**Description of the task:** Answer with the exact lines of the following material from the one containing "男人走上台阶的后视图图片下载" through the one containing "Three-way tie at", both end lines included.

**Supplied entries:**
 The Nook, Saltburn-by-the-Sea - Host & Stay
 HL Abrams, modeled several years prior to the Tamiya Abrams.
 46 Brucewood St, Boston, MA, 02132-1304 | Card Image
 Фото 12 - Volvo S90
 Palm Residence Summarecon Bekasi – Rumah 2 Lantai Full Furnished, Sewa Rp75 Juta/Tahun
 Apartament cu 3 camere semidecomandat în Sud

...

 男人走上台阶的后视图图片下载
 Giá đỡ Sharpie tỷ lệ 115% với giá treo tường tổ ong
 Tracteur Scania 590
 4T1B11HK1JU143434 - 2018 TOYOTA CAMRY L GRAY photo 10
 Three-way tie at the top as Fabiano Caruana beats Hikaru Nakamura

==

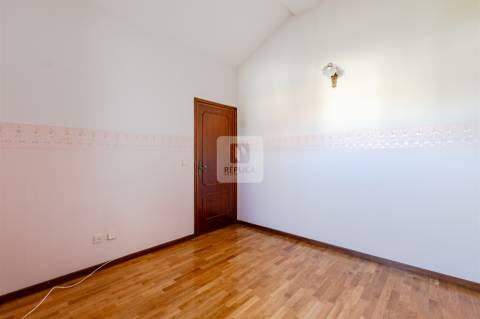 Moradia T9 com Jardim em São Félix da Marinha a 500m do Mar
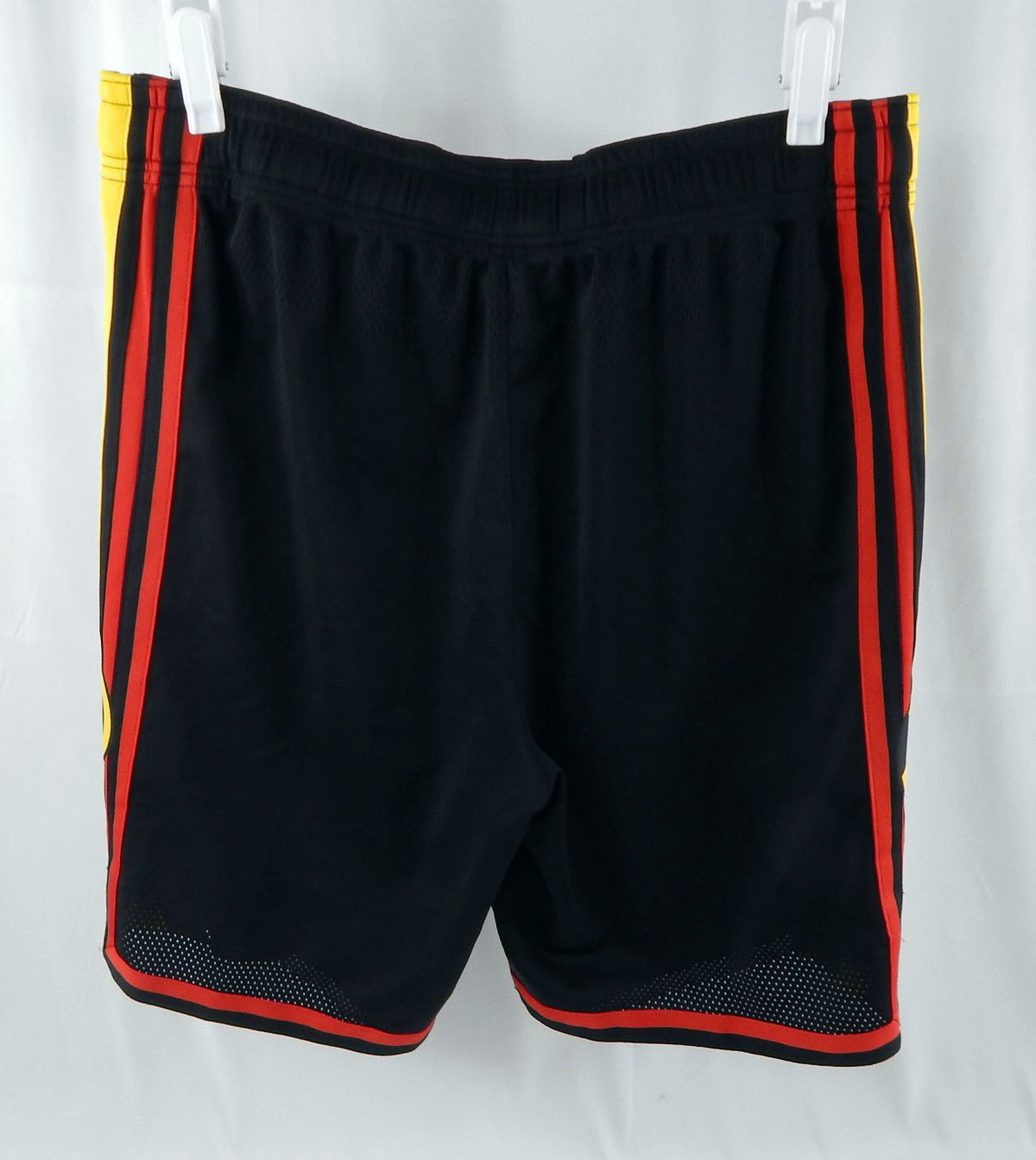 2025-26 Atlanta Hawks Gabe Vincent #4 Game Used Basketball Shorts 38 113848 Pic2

**Exercise output:**
 男人走上台阶的后视图图片下载
 Giá đỡ Sharpie tỷ lệ 115% với giá treo tường tổ ong
 Tracteur Scania 590
 4T1B11HK1JU143434 - 2018 TOYOTA CAMRY L GRAY photo 10
 Three-way tie at the top as Fabiano Caruana beats Hikaru Nakamura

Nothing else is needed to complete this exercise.